Selbst nach zehn
Jahren fühlen wir uns tief aufgewühlt, wenn wir bedenken, was für
ein System das wohl war, wo Menschen sichere Arbeit, ruhiges Leben,
sogar das Werk ihres Lebens aufgaben, ohne viel nachzudenken, um
in die Freiheit zu flüchten. Die Ereignisse vor zehn Jahren haben
bewiesen: die Ordnung der Geschichte und die menschliche Natur duldet
keine solche Lebenswelt.
In diesem Zusammenhang möchte ich auch im Besonderen jener gedenken,
die vor der Geburt der jungen ungarischen Demokratie aktiv an dem
bedeutungsvollen Ereignis der Grenzöffnung teilnahmen. Diejenige,
die bereit waren, sich von der treibenden Kraft der Geschichte fortreissen
zu lassen, um dadurch den ungarischen und deutschen Bürgern - letzten
Endes ganz Europa - einen grossen Dienst zu erweisen.
Im Laufe der Jahre, so sagt man, werden wir nicht nur um Erfahrungen
reicher, sondern um etwas mehr, wofür es sich gelohnt hat Mühsal,
Demütigung und schmerzliches Spiessrutenlaufen im Leben zu ertragen.
Aus den Erfahrungen lässt sich nach einigen Jahren ein System aufbauen.
" Wie der Wanderer "- so schreibt Sándor Márai, der ungarische Schriftsteller,
der erst nach Abriss des eisernen Vorhangs in unserer Heimat gewürdigt
wurde -, "wie der Wanderer, der während seiner Wanderungen ein verwickeltes
Gebirgssystem kennenlernt, und vom höchsten Gipfel die Struktur
der Landschaft überschaut, die Gesetzmässigkeiten in der zusammenhängenden
Berggipfelkette durchblickt. So sehen wir - aus der Perspektive
der vergangenen Jahre - das System in allem, was in unserem Leben
und im Leben anderer geschieht."
Wir Ungarn konnten damals, inmitten der heranströmenden Ereignisse
noch nicht wissen, was die Vorsehung mit uns vorhat. Wir hofften,
dass wir hier, in Mitteleuropa, unsere nationale Unabhängigkeit
eines Tages zurückerlangen werden. Wir hofften, dass die Stunde
der Freiheit und der Wahrheit kommt. Wir hofften, dass wir wieder
einmal unsere eigenen Herren sein werden. Wir hofften und wollten,
aber wir konnten nicht sicher sein.
Der gemeinsame Wille von Millionen von Menschen hat eine mitreissende
Macht.
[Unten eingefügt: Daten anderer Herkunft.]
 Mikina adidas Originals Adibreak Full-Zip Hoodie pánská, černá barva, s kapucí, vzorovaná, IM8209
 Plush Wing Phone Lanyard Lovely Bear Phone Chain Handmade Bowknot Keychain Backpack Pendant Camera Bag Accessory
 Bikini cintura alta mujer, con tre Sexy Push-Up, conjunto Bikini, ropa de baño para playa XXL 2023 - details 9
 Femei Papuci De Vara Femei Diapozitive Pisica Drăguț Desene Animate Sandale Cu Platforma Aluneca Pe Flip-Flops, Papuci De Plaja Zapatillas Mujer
Sie kann uns sowohl in die Tiefe stürzen, als auch in die
Höhe heben. Es war ein wunderbares Gefühl, mit ganzen Nationen zusammen
zu denken, sich zu freuen, zusammen zu atmen. Viele von uns wurden
jedoch vom Zweifel geplagt: werden wir nicht noch einmal enttäuscht?
Kommt jetzt wirklich die Stunde der Freiheit und der Unabhängigkeit?
Wird man unsere Hoffnungen nicht, wie 1956, wieder stehlen?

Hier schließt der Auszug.